- Data for analysis:
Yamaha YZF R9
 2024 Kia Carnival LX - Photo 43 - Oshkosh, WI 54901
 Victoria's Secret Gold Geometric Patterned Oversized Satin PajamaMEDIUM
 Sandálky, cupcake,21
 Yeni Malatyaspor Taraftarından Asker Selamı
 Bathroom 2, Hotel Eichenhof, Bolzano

- How to complete this task: Lines from the one containing "Victoria's Secret Gold" through the last line of the listing are to be restated word for word; no other line may appear.

- Result for this task:
 Victoria's Secret Gold Geometric Patterned Oversized Satin PajamaMEDIUM
 Sandálky, cupcake,21
 Yeni Malatyaspor Taraftarından Asker Selamı
 Bathroom 2, Hotel Eichenhof, Bolzano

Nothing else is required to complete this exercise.